The report identifies a number of “burdens” the Administration claims impede the production and transportation of energy resources. Many of these “burdens” are the environmental protections that thousands of Americans participated in developing through scientific research, participation in committees and policy boards, as well as through citizen activism. It is disheartening to see the clock turned back on protections including, but not limited to:

  • Obama-Era 5-Year Program Under the last Administration, 94% of the Outer Continental Shelf (OCS) was put off-limits from leasing, having an adverse effect on jobs and energy dominance, while drastically reducing access to future revenue.

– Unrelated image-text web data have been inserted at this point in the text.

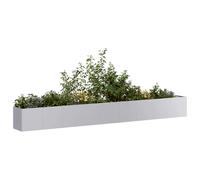 vidaXL Jardinera 360x40x40 cm de acero galvanizado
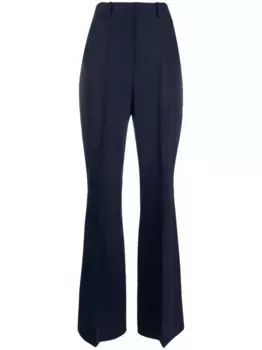 Расклешенные шерстяные брюки BALMAIN, синий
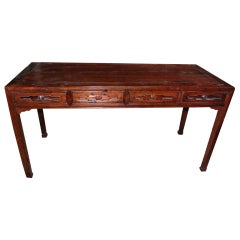Antique Chinese Double-sided desk, Qing Dynasty, 18th century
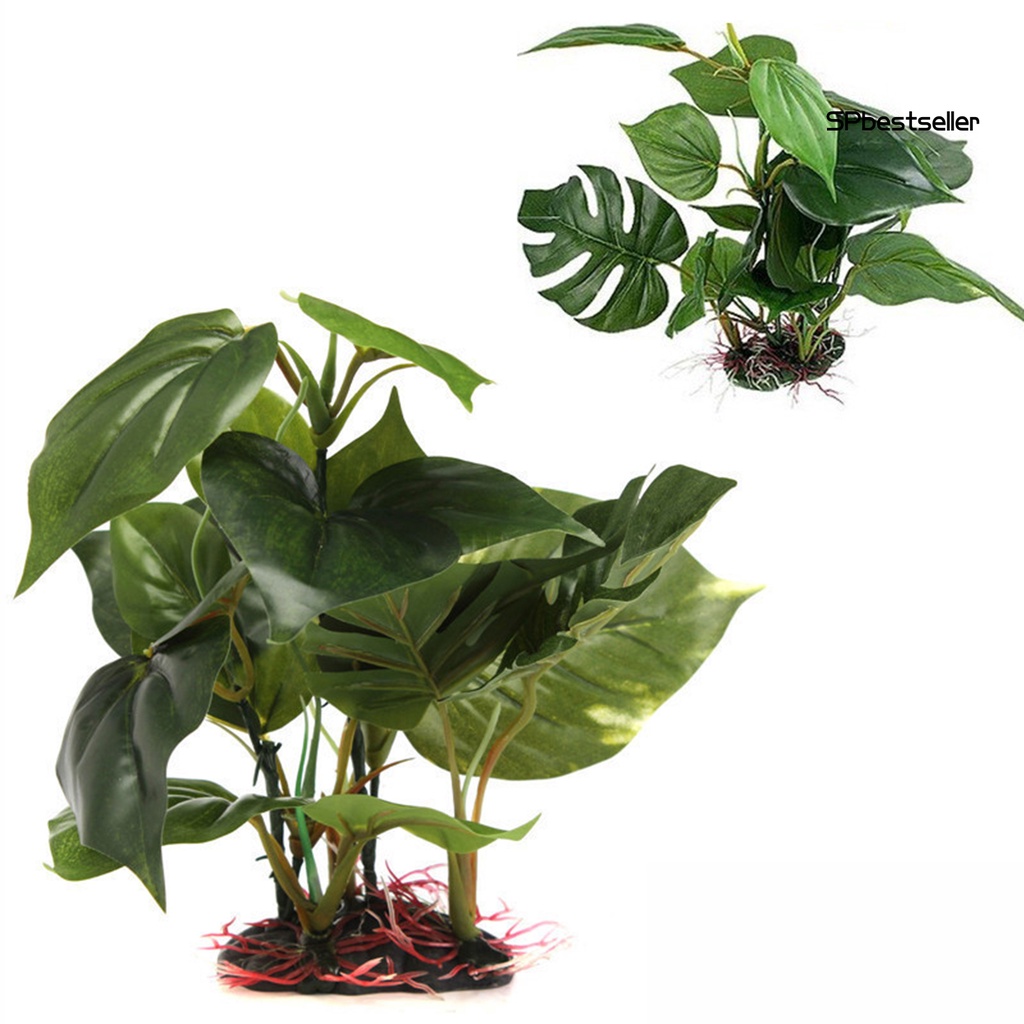 Cây giả trang trí hồ cá/ hồ nuôi động vật bò sát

  • Federal Coal Leasing Moratorium (Secretarial Order 3338, Discretionary Programmatic Environmental Impact Statement to Modernize the Federal Coal Program​)​ Nearly 40% of our nation’s coal comes from public lands.​ The 2016 coal moratorium undermines American energy security, inhibits job creation, and reduces revenues to state and local governments.
  • Hydraulic Fracturing on Federal and Indian Lands Rule​ ​The compliance costs of the existing 2015 rule on hydraulic fracturing are not justified. All 32 states with federal oil and gas leases and some tribes currently have laws or regulations that address hydraulic fracturing operations.
  • Waste Prevention, Production Subject to Royalties, and Resource Conservation AKA the Venting and Flaring Rule The rule imposes a substantial burden on industry, especially for marginal well production in energy-rich states like New Mexico, particularly the requirements that are set to become effective on January 17, 2018.
    • Action: Secretarial Order 3349: American Energy Independence put the rules under review for subsequent action by the Department. On October 5, 2017, the BLM issued a proposed rule to temporarily suspend certain requirements of the rule. The BLM is also actively reviewing the underlying regulation for potential revision.
  • Unnecessarily lengthy NEPA reviews delay projects The NEPA process has added extra time and analysis to project completion, which adds to uncertainty for industry and higher costs for taxpayers. This is particularly true for Departmental actions that impact energy and infrastructure projects, such as resource management planning, permitting, and issuance of rights-of-way for pipeline projects and electricity transmission.
    • Actions: The Department has identified a number of rules and regulations to revise or rescind such as the Master Leasing Plans, the NEPA Compliance for Oil and Gas Lease Reinstatement Petitions, and the Sage-Grouse Resource Management Plans. In addition, the Deputy Secretary issued an August memo setting a deadline of one year and limiting EIS statements to 150 pages or 300 pages for unusually complex projects.
  • Holding energy producers hostage via Compensatory Mitigation (Secretarial Order 3330​)​ Current compensatory mitigation policies have reduced predictability, created conflicts, and unnecessarily increased permitting/authorization timelines. Additionally, industry stakeholders believe the mitigation planning goal exceeds statutory authority. Currently, Interior and its bureaus lack a consistent terminology and framework for mitigation.
    • Action: Secretarial Order 3349: American Energy Independence reexamined the use of mitigation policies and practices in order to better balance conservation strategies and job creation. Bureaus at the Interior will review various handbooks and manuals on the use of mitigation for energy and infrastructure projects.
  • Systematic delays in the leasing program and permitting process The long period from when acreage is first nominated to when those acres are offered at a lease sale, as well as delays between the lease sale date and when leases are awarded reduces industry certainty and hinders states from receiving their share of lease sale revenues.​  These delays have rendered industry less able to plan for and execute exploration and production strategies in a timely fashion, and less able to respond effectively to changing market conditions.
  • Endangered Species Act ​​The Endangered Species Act (ESA) is taken into consideration for both on- and offshore energy and infrastructure projects. It has far-reaching negative impacts on energy production and transmission as well as on critical infrastructure projects. ESA abuses have led to increased costs and delays on projects.